One limitation of this study was the effect of multicollinearity, which is a common problem in nutrition studies, particularly those that examine the intake of nutrients from supplements as supplements include multiple nutrients and many are in similar amounts and combinations due the nutrient recommendations by health agencies. Another limitation is that the present study did not have access to serum levels of selenium or any of the other nutrients discussed in this paper, thus there is no information as to whether supplementation affected biological levels. A third limitation was that dietary (food) intake was not included in the analysis. Although dietary intake was estimated in these women at two or three trimesters during pregnancy (data which will be available at some future date), selenium intake is difficult to estimate due to variations in the food supply and the inaccuracy of nutrient databases. The high supplement intake may mitigate dietary intake in this case, and would not be likely to change our findings. We did not have lab values at present to assess anemia in our sample. Although anemia is known to be a risk factor for depression, we also know that women are routinely supplemented with iron when anemia is diagnosed during pregnancy. In this study, for women below RDA, 82.9% scored <10 EPDS, 17.1% scored ≥10 EPDS; for women above RDA, 88.5% <10 EPDS, and 11.5% were ≥10, p = 0.84 (see Table
2), indicating that there was no difference of scoring ≥10 EPDS between being above or below the RDA for iron. While we recognize this is not the ideal measure for iron associated form of anemia, it served as a proxy for iron status. Another limitation was possible reporting error associated with recall of supplement intake (e.g. dosage and frequency). Recording of brand names and labels of supplements (e.g. types and amounts of nutrients) by research assistants, as well as the use of repeated measures, helped to minimized potential reporting bias. However, we acknowledge a major limitation with the Supplement Intake Questionnaire is self-reporting; thus we did not know whether the women actually consumed their supplements as they said they did. Furthermore, if a woman missed her trimester visit then this was treated as missing data and no estimation was made. Thus, there was some degree of projection as the women were asked for information for the entire trimester at the trimester midpoint and not the end, making this a limitation to our estimates. A limitation in the analysis was that we did not assess for interaction among the nutrients due to the absence of any a priori rationale from the literature. In addition, as data on prenatal nutrition status was not available, we were unable to test whether the effect of prenatal micronutrient supplementation on postpartum depression varied by prenatal nutritional status. For future research, we would like to assess whether specific nutrients interact to impact postpartum depression, and also whether prenatal nutritional status modified the association of supplementation and postpartum depression.

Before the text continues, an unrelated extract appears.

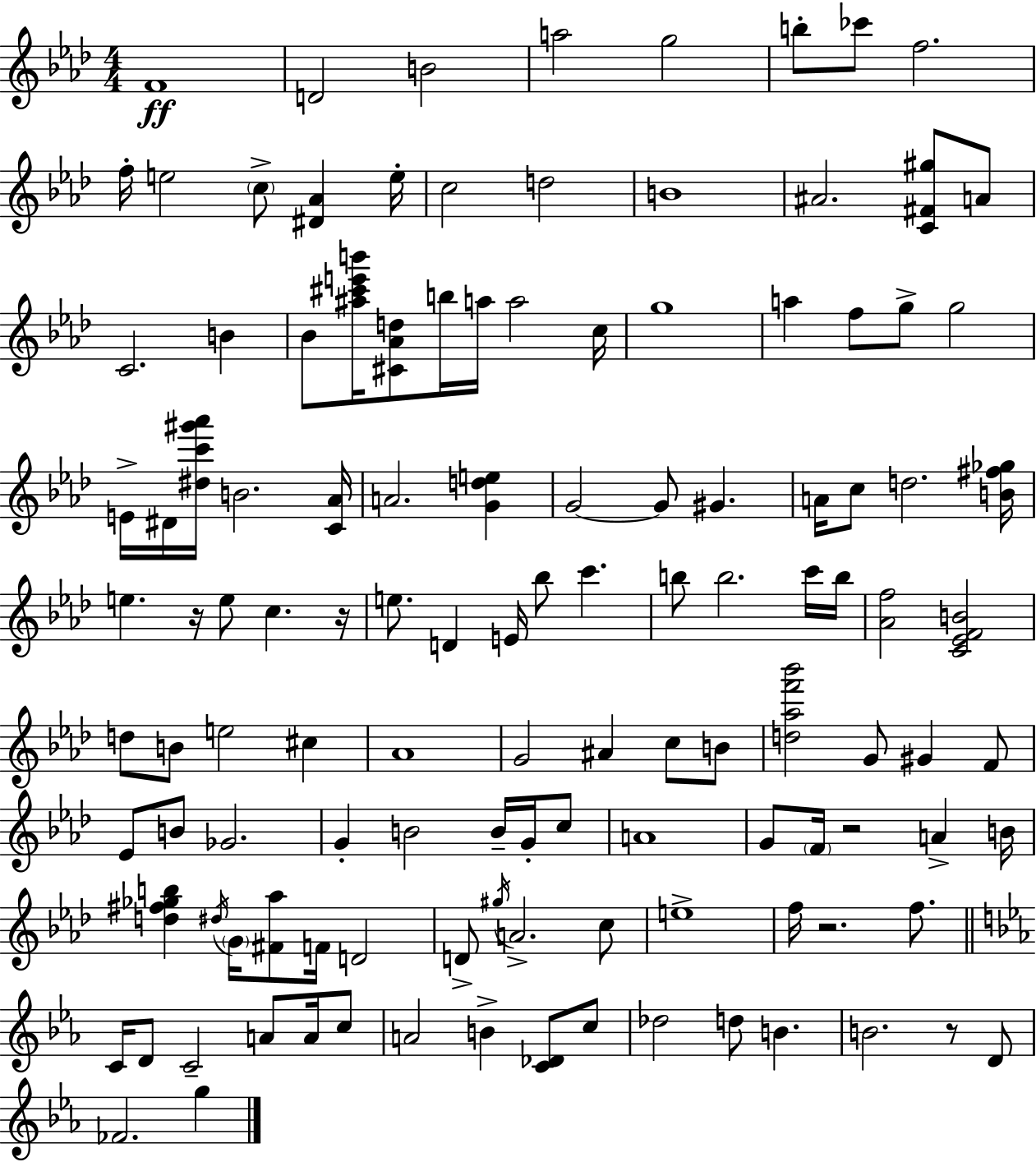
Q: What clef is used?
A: treble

One of the strengths of this study was the temporal relationship of supplement intake and postpartum depressive symptoms could be established. Another strength was that supplement intake was collected repeatedly over time to obtain an average usual intake of the nutrients in the prenatal period, rather than using a single measure as in most studies. A third strength was the ability to control for a large number of factors associated with postpartum depressive symptoms in our analyses because of the variables (demographic, social, lifestyle) collected prospectively.

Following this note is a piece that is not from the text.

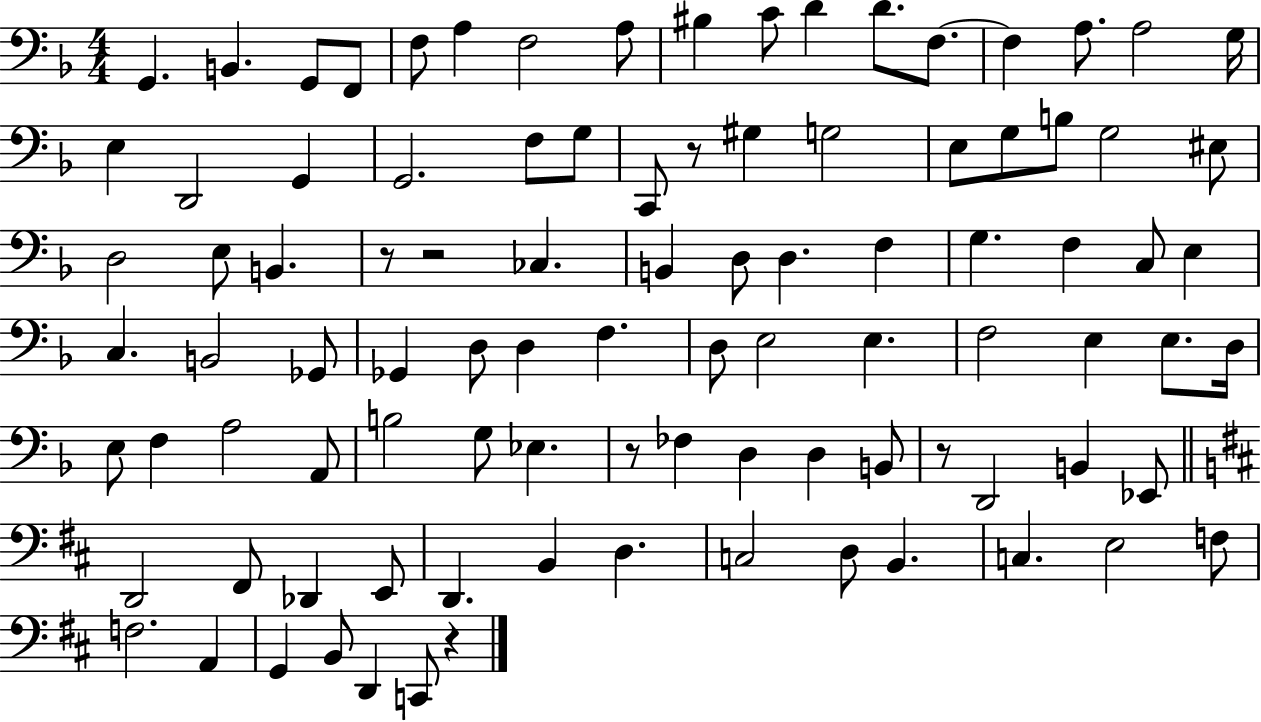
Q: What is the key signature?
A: F major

Implications for future research include examining objective measures of pre- and postnatal micronutrient status for: 1) relations between pre/postnatal blood nutrient levels (or changes in pre/postnatal blood levels) and postpartum depression, 2) moderating effect of prenatal blood nutrient levels on the relations between prenatal micronutrient supplementation and postpartum depression, and 3) interactions amongst nutrients and their effects on postpartum depression.